Transcending the Generation Gap
The Beatles were technically not before my parents’ time, but they would have been too young to understand or experience the ‘Beatlemania’ period of the 1960s. The music that informed my parents’ adolescence and young adulthood – which would in turn become the soundtrack of my childhood, before I was old enough to independently seek out my own music – were artists who gained prominence during or after The Beatles’ disbandment in 1970: The Carpenters (1969 – 1983); ABBA (1972-1982); the Bee Gees during their disco turn (1975-79); Air Supply (1975 - present).
So I grew up hearing references to The Beatles’ status of a music legend without actually hearing most of their tracks or watching them perform. As a teenager, I glimpsed the iconic 1981 Rolling Stone cover of John Lennon and Yoko Ono (on the cover of a photography book in a bookstore) without having an inkling of who either of them were. The first Beatles track I probably listened to was The Carpenters 1969 cover of ‘Ticket To Ride’, which remade the track into a sentimental pop ballad (which seems to have been my parents' favourite genre), stripping off the grunge rock influences and sexual double entrende of the original 1965 track.
It seems rather telling to me that Richard Carpenter recalled the track “being played as an oldie one day in early 1969 [italics added]”, even though the track was only four years old at the time. To a Gen-Y music listener like myself, The Beatles’ music might come across as being ingenuously crafted but difficult to relate to: stellar remnants of a bygone time, signifiers of an tumultuous post-war period and sociocultural changes far before our time. There’s no denying the excellent and timeless lyricism in tracks like ‘Can’t Buy Me Love’ (1964); ‘Eleanor Rigby’ (1966); ‘Let It Be’ (1970); and ‘Yesterday’ (1976), but I can’t help but feel somewhat distant and disengaged, as though I’m watching a critically acclaimed black-and-white movie from the Golden Age of Hollywood. The problem with being the voice of a generation (or the musical embodiment of its zeitgeist) may be the difficulty you pose to subsequent generations in feeling and relating to your message.
Perhaps The Beatles’ oeuvre, like Shakespeare and classic literature, is something that you can only grow into as you mature. So far, the only Beatles track that doesn’t feel ‘dated’ or distant in any way is ‘Here Comes the Sun’ (1969). It happens to be one of the few tracks to have been written and produced solely by George Harrison, and which earned him songwriting recognition on par to that of Lennon and McCarthy. I’m not sure if this is because of the medium or the message (Rolling Stone describes it as “one of the Beatles' happiest songs”), but the ingenious simplicity of the track’s (mostly acoustic) construction probably allows it to ‘transcend’ the musical tastes and preferences of different generations.

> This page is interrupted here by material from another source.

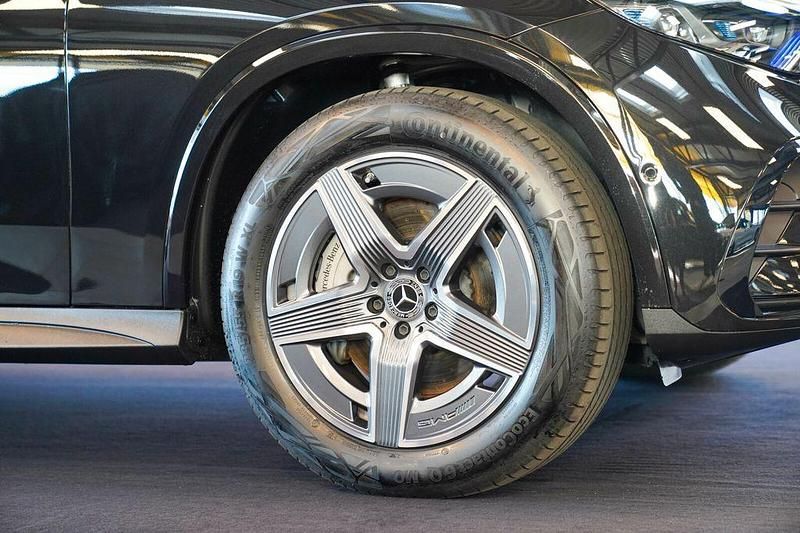 Gebraucht Mercedes GLC450 AMG line 367 PS (269 kW) 2024 Obsidianschwarz Coupé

The lyrics present a turning point in the speaker’s attitude (from pessimism/fatalism to hard-won optimism) which coincides with the arrival of springtime:
“Here comes the sun
Here comes the sun,
and I say, It's all right
It's been a long, cold lonely winter
It feels like years since it's been here
Here comes the sun
Here comes the sun,
and I say, It's all right”
Harrison has revealed the inspiration of the track in his autobiography I, Me, Mine (1980), written while avoiding the tedium of the business-side of the music industry:
"Here Comes the Sun" was written at the time when Apple was getting like school, where we had to go and be businessmen: 'Sign this' and 'sign that.' Anyway, it seems as if winter in England goes on forever, by the time spring comes you really deserve it. So one day I decided I was going to sag off Apple and I went over to Eric Clapton's house. The relief of not having to go see all those dopey accountants was wonderful, and I walked around the garden with one of Eric's acoustic guitars and wrote "Here Comes the Sun"."
The core of the message is a timeless one (and also the backbone of many Academy Award Best Picture Movies): resilience in the face of adversity. When combined with Harrison’s understatedly brilliant compositional choices, the track manages to attain a kind of immortality, making the sensation of Beatlemania seem – for a few moments – contemporary.